Recently, a novel type of metabolic-regulated cell demise titled disulfidptosis has been discovered. Studies have demonstrated its importance in immune responses against cancer and its impact on the proliferation of cancer cells. Nonetheless, the precise mechanism and roles of disulfidptosis are not fully understood, particularly regarding the prognosis for individuals with uterine corpus endometrial carcinoma (UCEC).
In this research, a distinctive disulfidptosis pattern was developed in UCEC, and by utilizing Non-negative Matrix Factorization (NMF) on 23 disulfidptosis related genes within the TCGA database, 3 distinct subgroups were distinguished.
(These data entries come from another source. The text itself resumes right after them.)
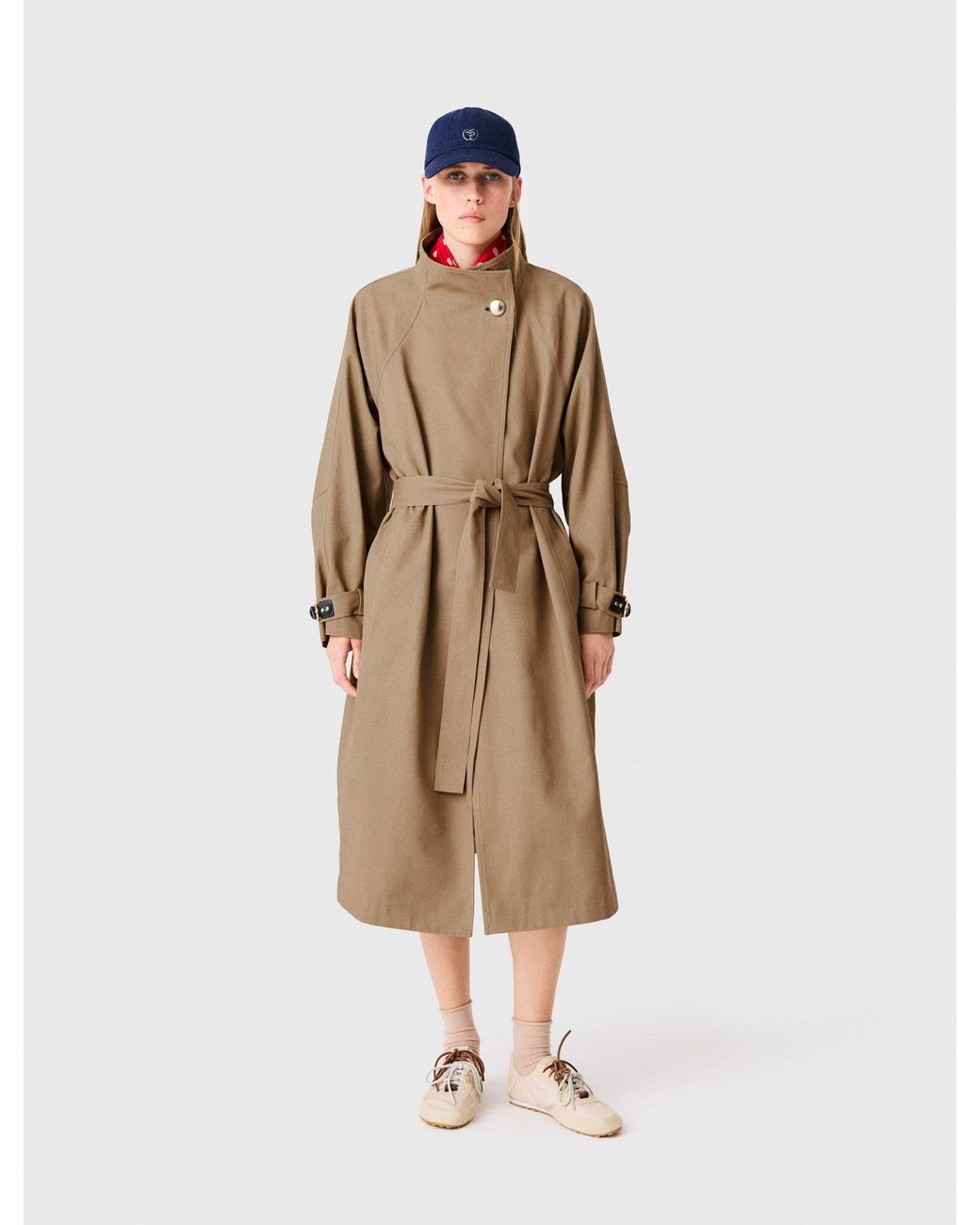 Maje Natural Long Belted Trench, Buttons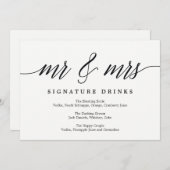 Invitation Signal mariage Signature Boissons - Script moderne (Devant / Derrière)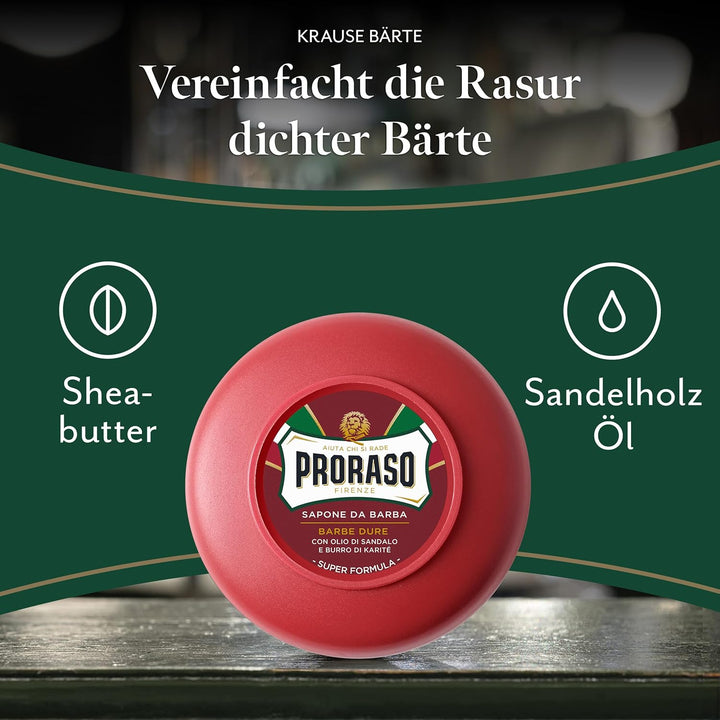 Proraso Shaving Soap inklusive Seifenschale, 150 ml, nährende und feuchtigkeitsspendende Rasierseife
To collect data, we acquired gene expression profiles, somatic mutation information, copy number variation data, and corresponding clinical data from the TCGA and GEO database, specifically from UCEC patients. Cell line experiments and immunohistochemical (IHC) staining were conducted to validate the role of the LRPPRC in proliferation, migration and invasion.
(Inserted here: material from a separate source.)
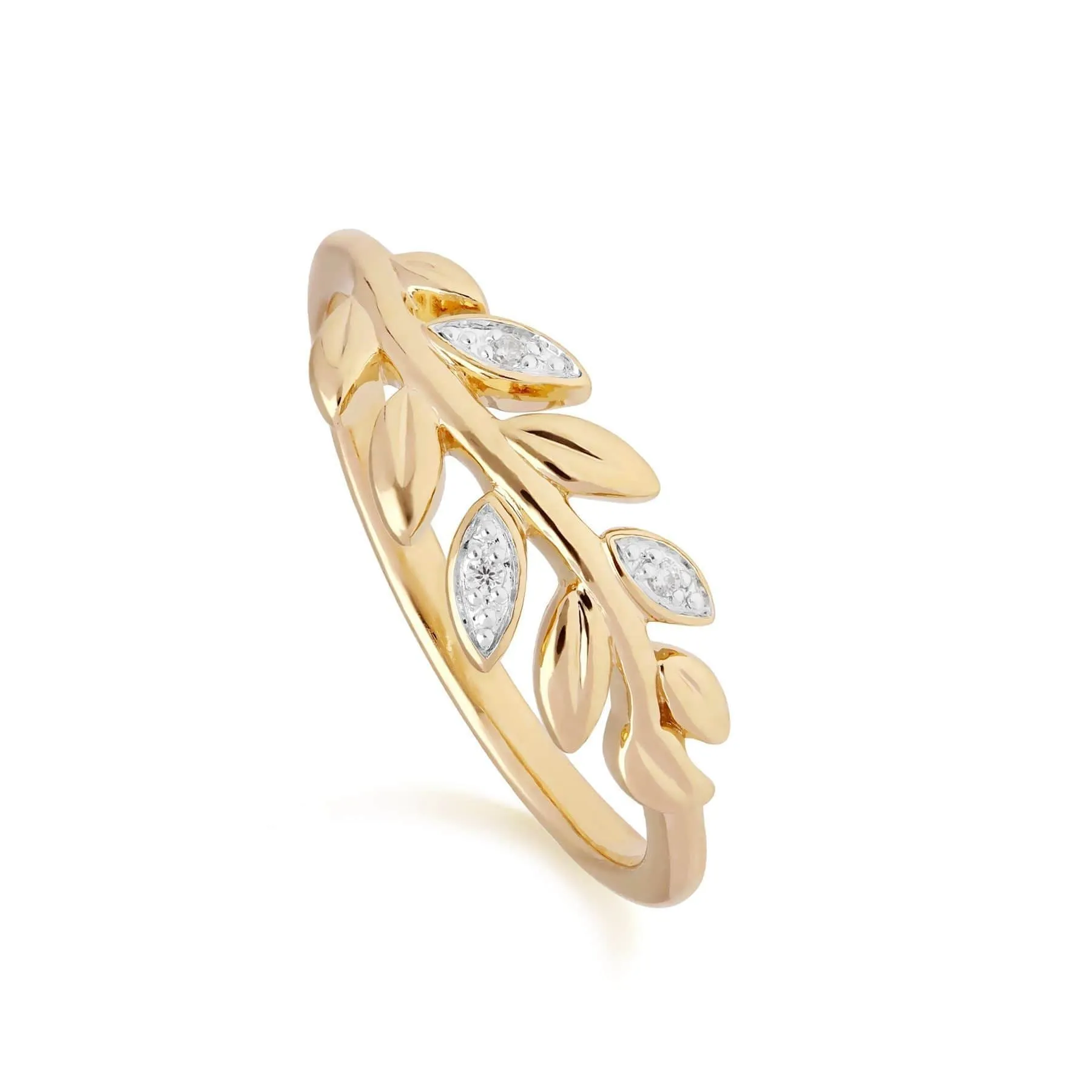 O Leaf Diamond Stud Earring & Ring Set in 9ct Yellow Gold sold by Gemondo Jewellery product image thumbnail 3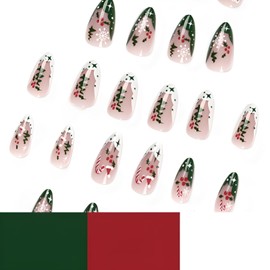 Christmas Press on Nails Almond French Tip Fake Nails Nude False Nails with Candy Snowflake Design Acrylic Nails Full Cover Glue on Nails Stick on Nails for Women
The genetic features and immune microenvironment of these subgroups were examined. It is worth mentioning that these subgroups offer important insights into comprehending the tumor microenvironment (TME) and the response of patients to immunotherapy and chemotherapy. Moreover, a disulfidptosis model was developed and validated, demonstrating a high level of accuracy in predicting the prognosis and outcomes of immunotherapy in UCEC patients. Additionally, a novel biomarker, LRPPRC, was identified, which can server as a promising predictor for forecasting prognosis in UCEC patients, with validation through tissue microarray staining and cell line experiments.
This study has designed a classification system and a disulfidptosis model for UCEC, in addition to identifying a new biomarker, LRPPRC, for UCEC. These advancements serve as reliable and positive indicators for predicting outcomes and the efficacy of immunotherapy for each UCEC patient.